» Your assignment:
Please output only the lines running from the one that contains "3636 Crescent Ave, Indianapolis, IN" through the last line of the data below, exactly as they stand, with no pictures.
*** Dataset excerpts ***
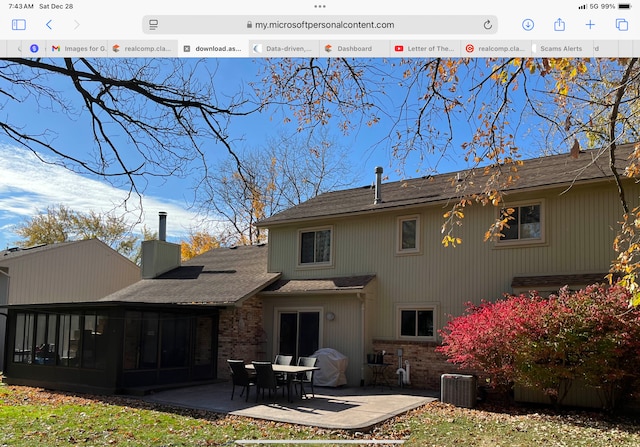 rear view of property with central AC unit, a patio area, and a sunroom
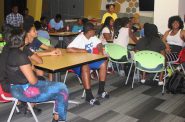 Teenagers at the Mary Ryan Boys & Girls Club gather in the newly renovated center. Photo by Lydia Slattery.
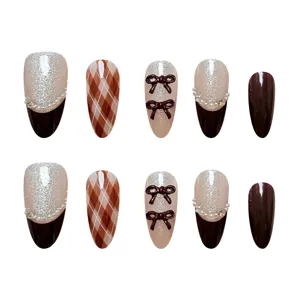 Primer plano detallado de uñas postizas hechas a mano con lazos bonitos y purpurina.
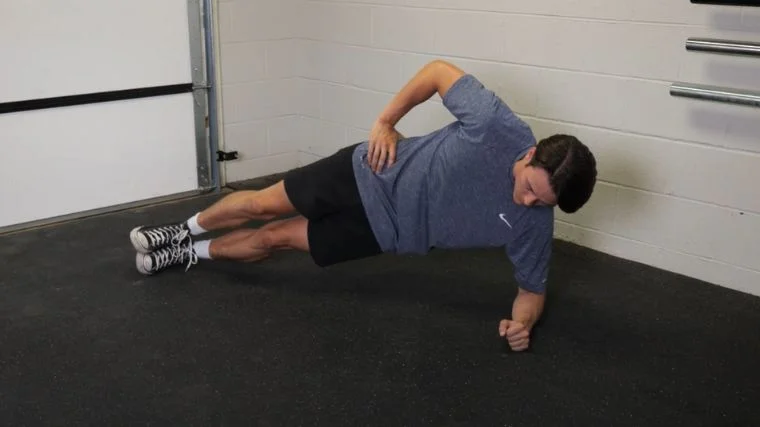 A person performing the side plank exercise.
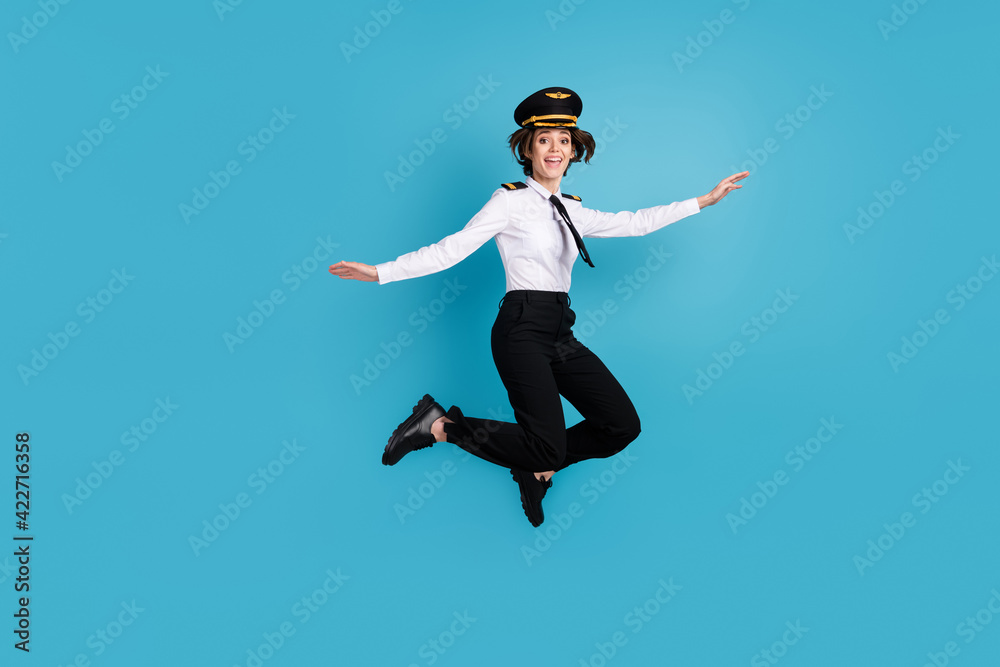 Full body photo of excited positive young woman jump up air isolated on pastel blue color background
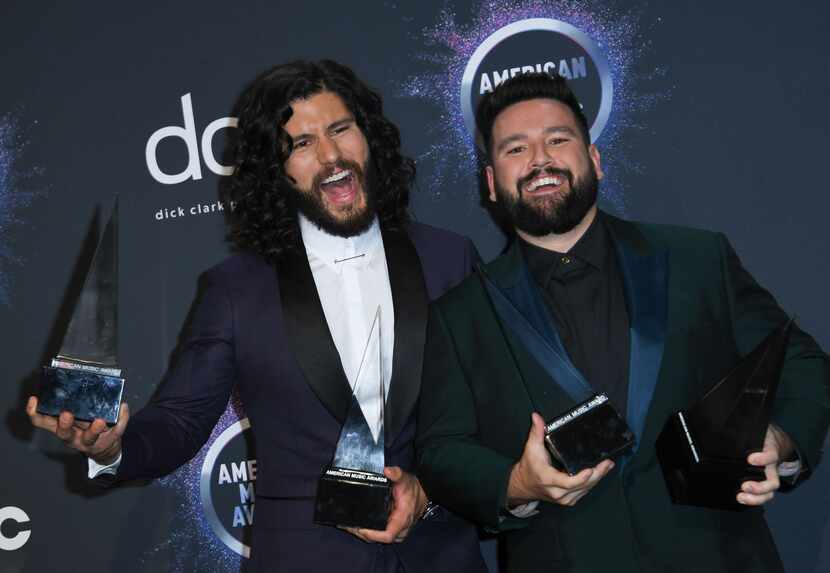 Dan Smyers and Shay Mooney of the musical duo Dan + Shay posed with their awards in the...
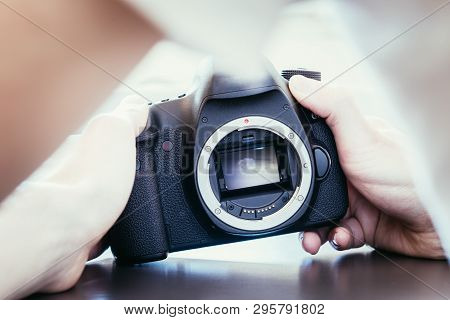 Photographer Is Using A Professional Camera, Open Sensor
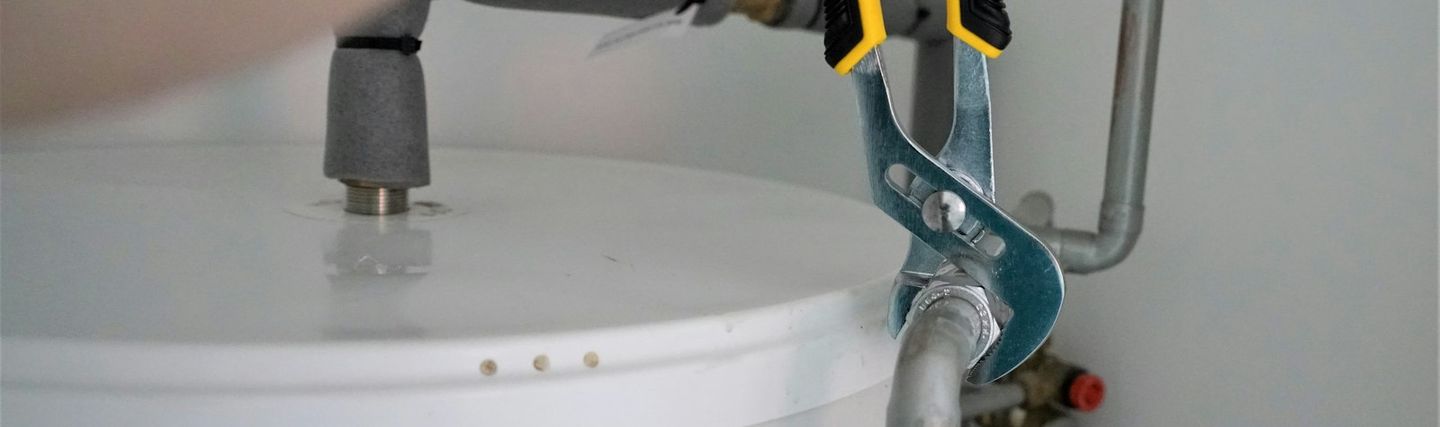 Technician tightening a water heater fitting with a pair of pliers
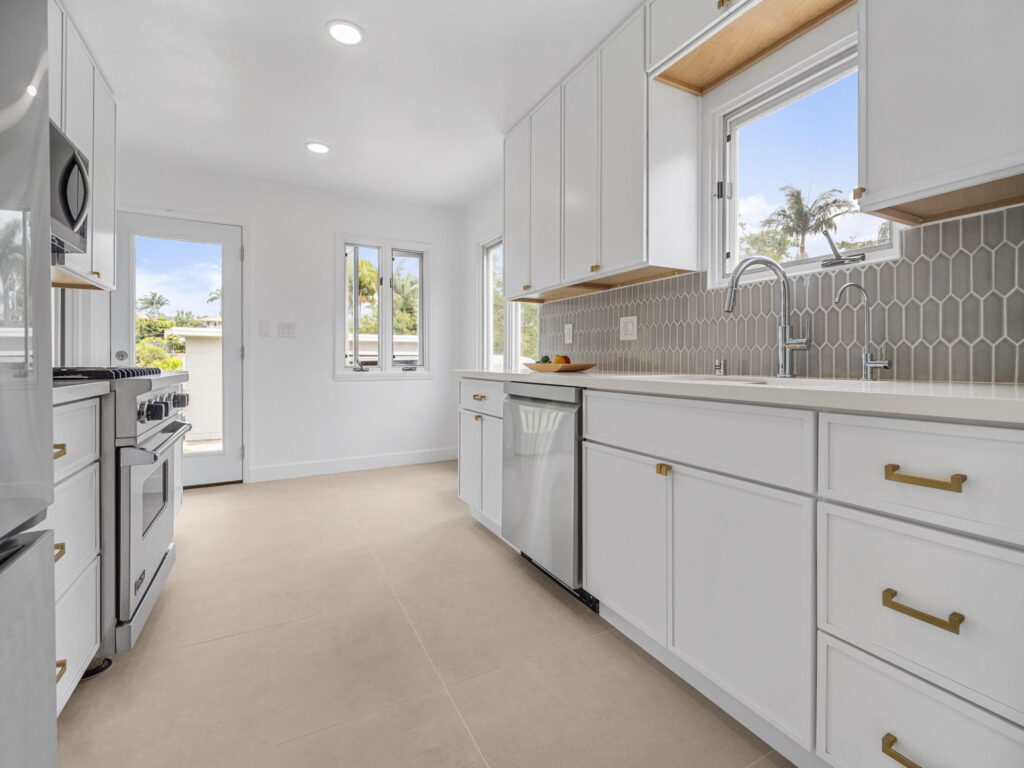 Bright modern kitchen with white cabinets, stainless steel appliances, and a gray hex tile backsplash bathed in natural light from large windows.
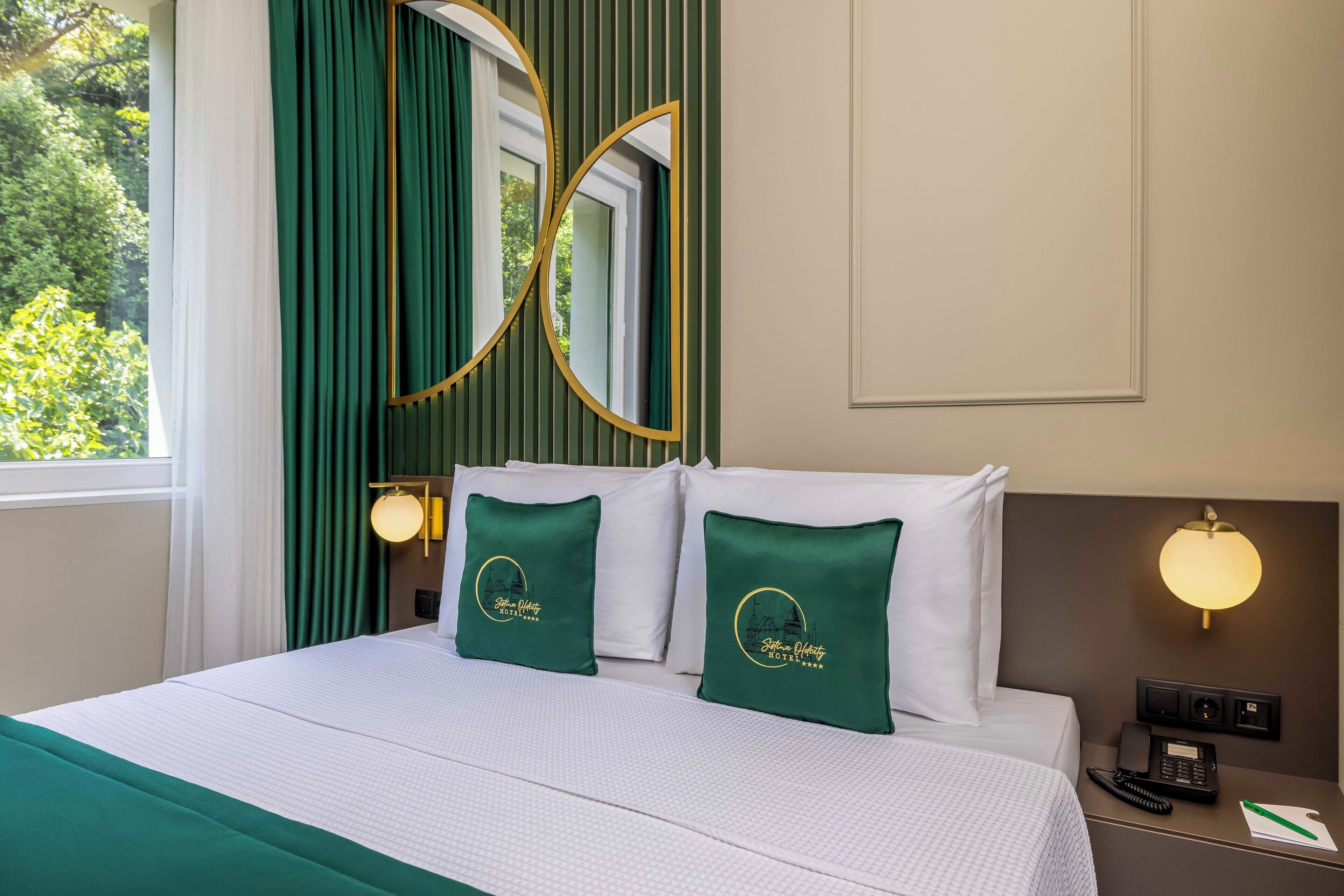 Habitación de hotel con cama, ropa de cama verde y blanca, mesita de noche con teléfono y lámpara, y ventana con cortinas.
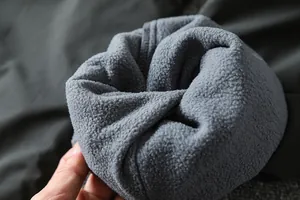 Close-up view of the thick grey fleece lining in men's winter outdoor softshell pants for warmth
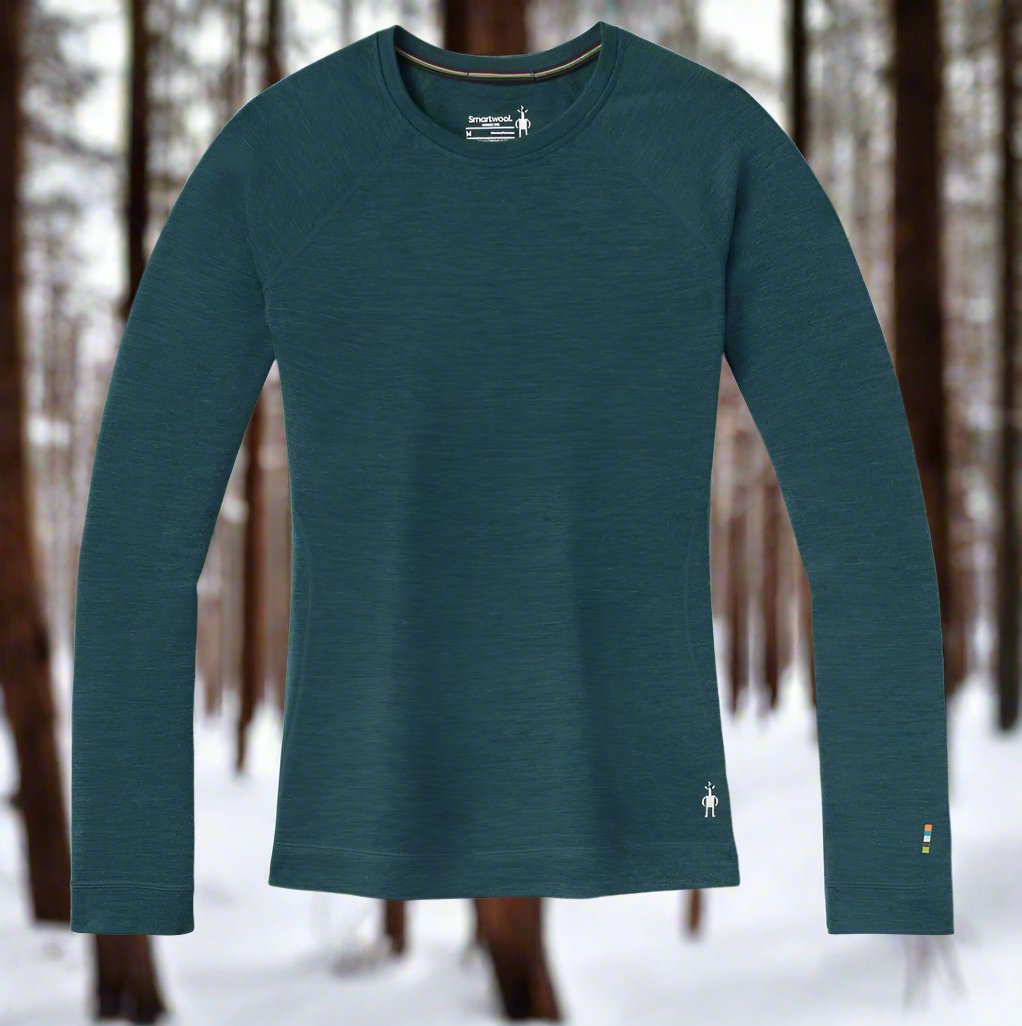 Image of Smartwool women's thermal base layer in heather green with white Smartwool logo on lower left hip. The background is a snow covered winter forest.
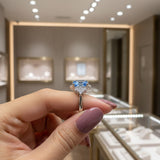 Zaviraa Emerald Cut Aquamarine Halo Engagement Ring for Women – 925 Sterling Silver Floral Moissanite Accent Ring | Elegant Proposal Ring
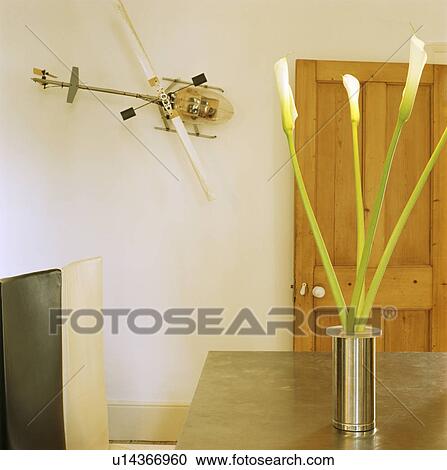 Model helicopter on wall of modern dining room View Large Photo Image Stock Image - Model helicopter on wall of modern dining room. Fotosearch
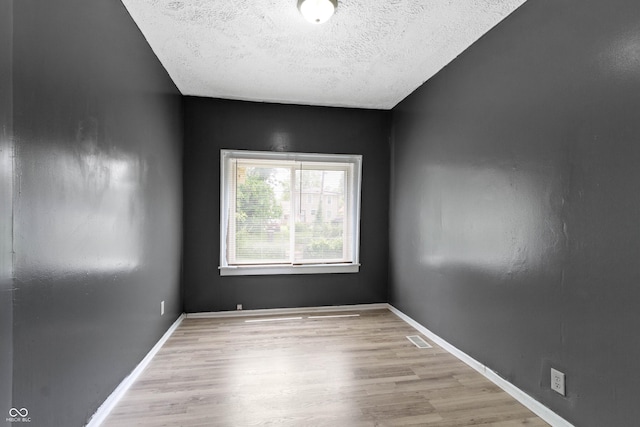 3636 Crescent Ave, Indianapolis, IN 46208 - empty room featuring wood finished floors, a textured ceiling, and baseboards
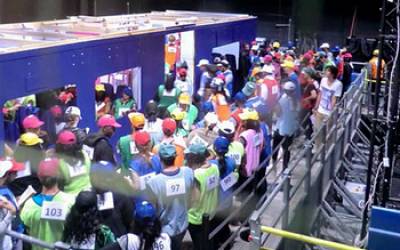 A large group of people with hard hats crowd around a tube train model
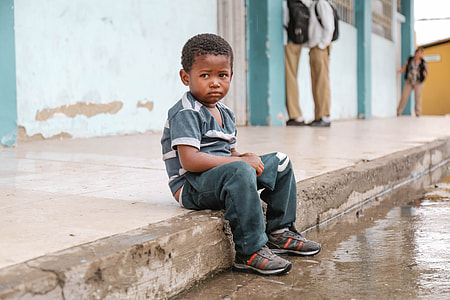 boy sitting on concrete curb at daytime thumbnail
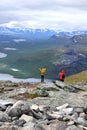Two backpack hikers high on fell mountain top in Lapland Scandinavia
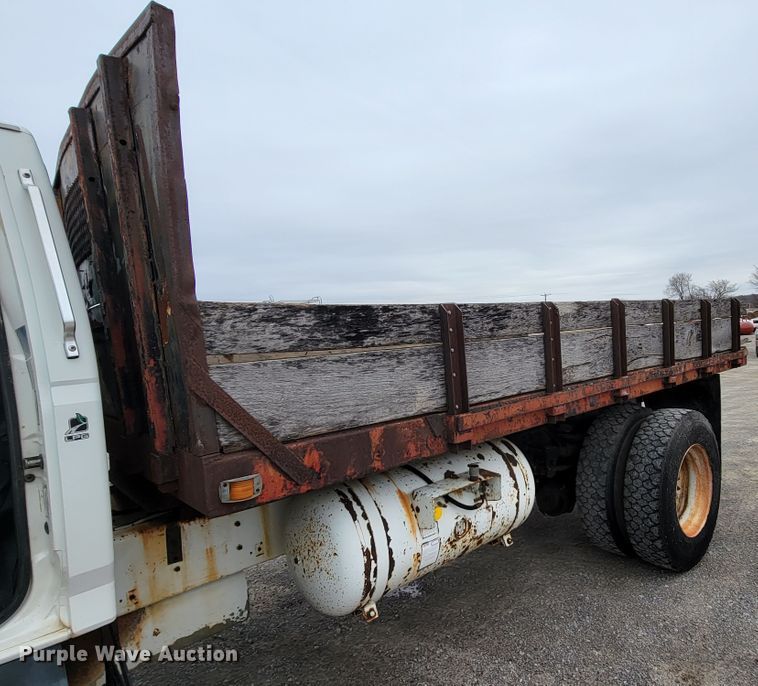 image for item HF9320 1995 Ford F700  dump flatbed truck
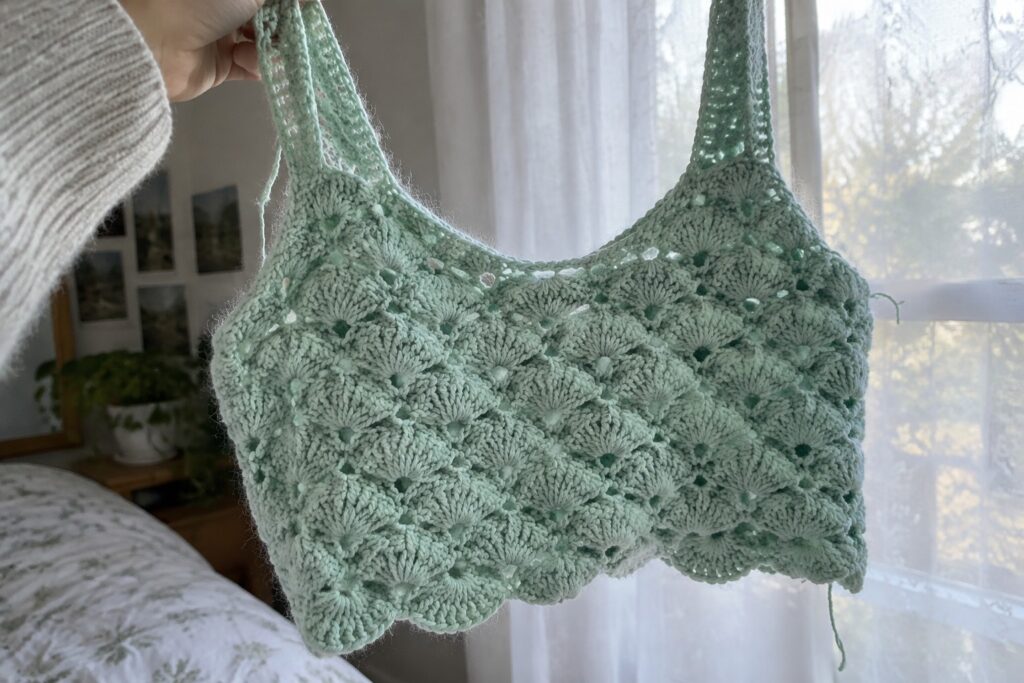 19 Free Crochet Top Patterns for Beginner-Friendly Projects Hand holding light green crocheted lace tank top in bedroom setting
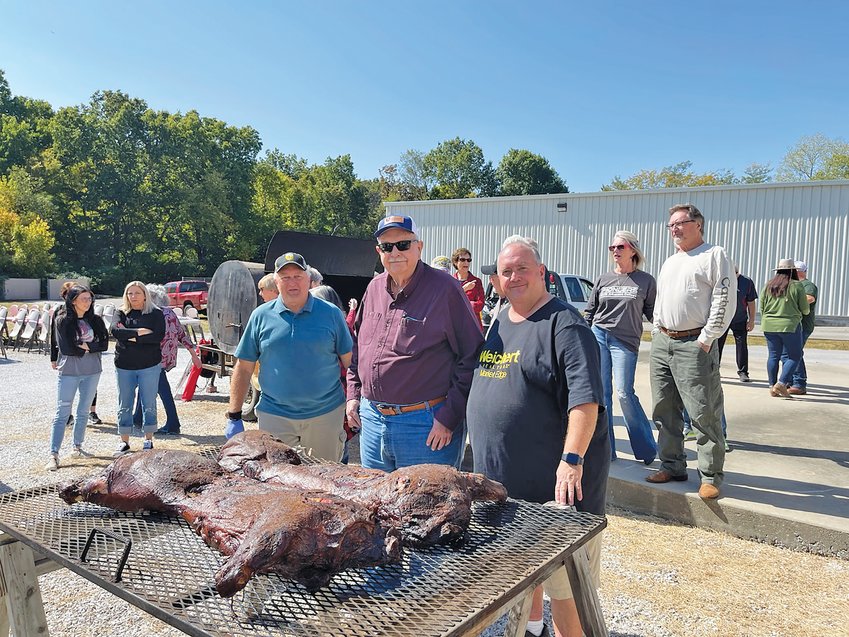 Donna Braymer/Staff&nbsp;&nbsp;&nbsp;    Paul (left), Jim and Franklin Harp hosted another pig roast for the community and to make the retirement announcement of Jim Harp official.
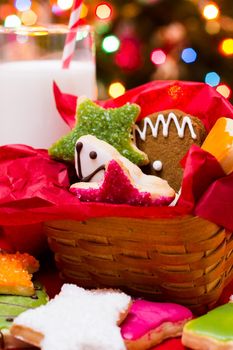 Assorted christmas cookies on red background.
*** End of Dataset excerpts ***
» Task answer:
 3636 Crescent Ave, Indianapolis, IN 46208 - empty room featuring wood finished floors, a textured ceiling, and baseboards
 A large group of people with hard hats crowd around a tube train model
 boy sitting on concrete curb at daytime thumbnail
Two backpack hikers high on fell mountain top in Lapland Scandinavia
 image for item HF9320 1995 Ford F700  dump flatbed truck
 19 Free Crochet Top Patterns for Beginner-Friendly Projects Hand holding light green crocheted lace tank top in bedroom setting
 Donna Braymer/Staff&nbsp;&nbsp;&nbsp;    Paul (left), Jim and Franklin Harp hosted another pig roast for the community and to make the retirement announcement of Jim Harp official.
 Assorted christmas cookies on red background.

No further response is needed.